Filed under: — Bravus @ 5:29 pm

Just popping over to Vancouver for the night tomorrow night to meet up with a bunch of on-line friends from the William Gibson Board, some from France, some from the US and some from that area. Should be a fun trip, and the last chance to catch up with some people while I’m still in the northern hemisphere. I’m going to ask Alex if I can borrow her camera, which is smaller than mine, and capture some photos of the occasion and the city.

13/1/2006

The Fractal T-shirt Model

Filed under: — Bravus @ 2:34 pm

As part of the Carnegie Academy on the Scholarship of Teaching and Learning (CASTL) residency session I’m at this week (at Stanford University in northern California) I have to give a presentation on the research/teaching project I’m in the middle of right now. I won’t subject you to all of that presentation here, but the beginning metaphor is one that keeps recurring for me: the notion of the fractal nature of teaching, learning and research.


Click on the picture to run a Quicktime animation that makes the point even more clearly.
(It’s 8 MB though, sorry dial-upers.)

Fractals, like the Mandelbrot set shown above, are generated by fairly simple recursive mathematical formulae. They have a number of interesting features in addition to their beauty (which accounts for their ability to turn up on geeks’ t-shirts), and the most interesting one for my purposes is the fact that they are ‘self-similar at a number of levels’. That is, if you look at the fractal above, you will see larger ‘spiky circles’ in black, and on those there are smaller spiky circles, and on those there are smaller ones, and so on.

That’s interesting to me because, as I may have said here before, it seems to me that the processes I go through in teaching my students are also the processes that my students go through in teaching their students, and the processes that their (high school) students go through in learning and living. In the other direction, my experience of researching my own teaching is similar to (and inextricably interwoven with) the teaching itself, and the experience of my friends and colleagues in the Carnegie project are similar to my own experiences.

The theories I create to think about how I teach, therefore, need to account for, as well as all these other things, my own activities in creating theories…

9/1/2006

Benefits of Disorganisation

Filed under: — Bravus @ 6:43 am

So I’m off to Stanford University in northern California this week for the second of three ‘residence’ sessions as part of my Carnegie Scholarship. The workshop is from Thursday to Sunday, and starts at 1 pm on Thursday, so I’m flying out at 6 am that day to get there in time (flight to Calgary then to San Francisco, then a couple of different trains down to Palo Alto).

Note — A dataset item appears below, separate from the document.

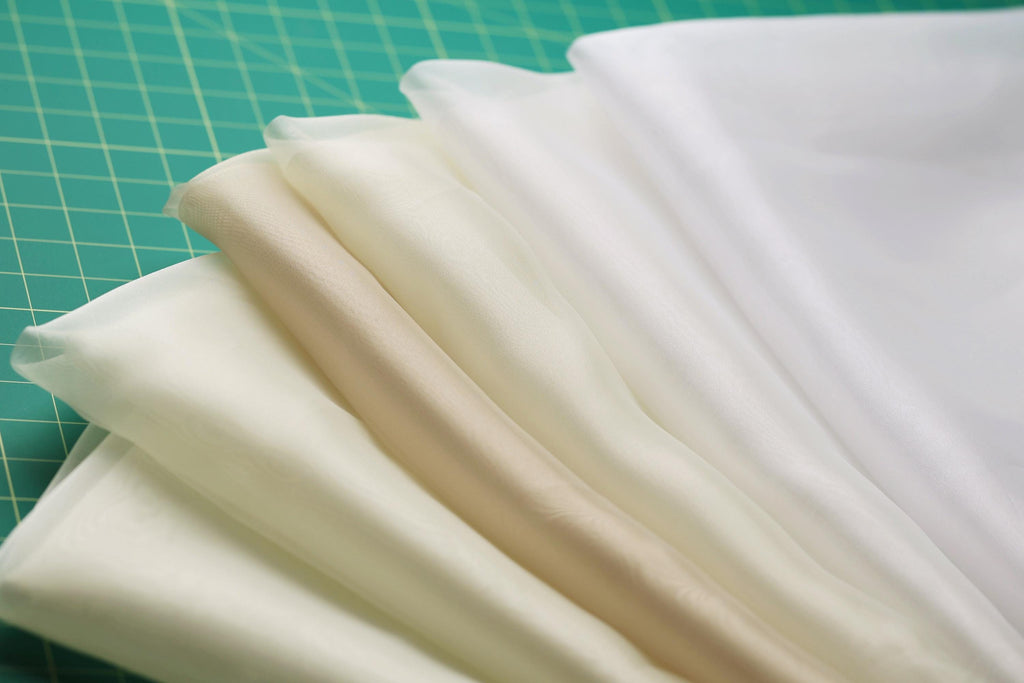 A close-up view of a collection of fabric swatches in various shades of white and beige, arranged on a green surface.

For some reason I thought I was flying out on Wednesday, so I’ve organised a colleague to cover my classes and everything on Wednesday… and now I realise I’m not going until Thursday. Ah well, it’s not as though I have so little to do that an extra day without commitments will be wasted!

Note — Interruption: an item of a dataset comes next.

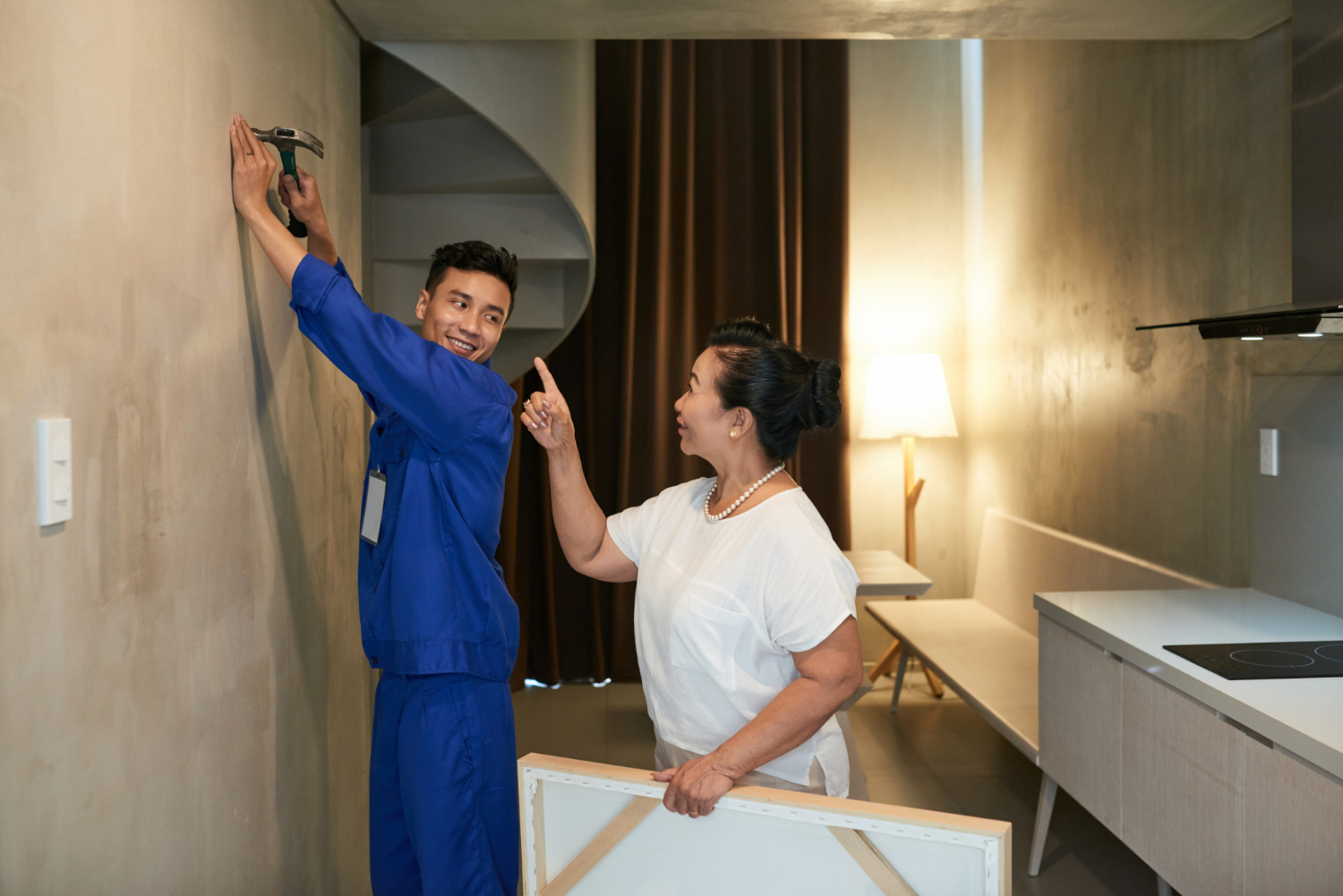 Person in blue overalls with a hammer helping set up decor in a modern living room with a woman in white supervising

Being somewhat disorganised often costs me time, money and stress, but in this instance it’s actually paid off!

21/12/2005

Back Home

Filed under: — Bravus @ 4:38 pm

OK, no more travellogues for a while now. Next trip is to Stanford in January for the next Carnegie Residency, then not until June.

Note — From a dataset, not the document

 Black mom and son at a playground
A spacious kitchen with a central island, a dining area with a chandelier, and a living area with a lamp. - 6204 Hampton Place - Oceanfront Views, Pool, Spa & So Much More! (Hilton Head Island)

Just a couple of random notes to tie up a few loose ends:

I bought Agalloch’s album ‘The Mantle’ while I was in Oz, and absolutely love it. It’s very hard to describe, but something like ‘mostly acoustic environmentalist black metal from Oregon’ is about as close as I can go. Amazing stuff.

I’m playing Joseph in a Christmas play at church this week, and playing him as an unshaven carpenter, so I stopped shaving on Saturday and have an itchy three days growth now. Should look OK by the weekend, but I’ll be glad to get rid of it after that. Just memorising my lines now… It’s more of a monologue than a dialogue, and I’m not sure whether that makes it easier or harder.

The trip back was pretty easy, and now there’s really only a couple of days until the Christmas holidays… and I need and deserve a total break from work, and plan to take one over Christmas.

From tomorrow we’ll be back into the realm of ideas, I promise.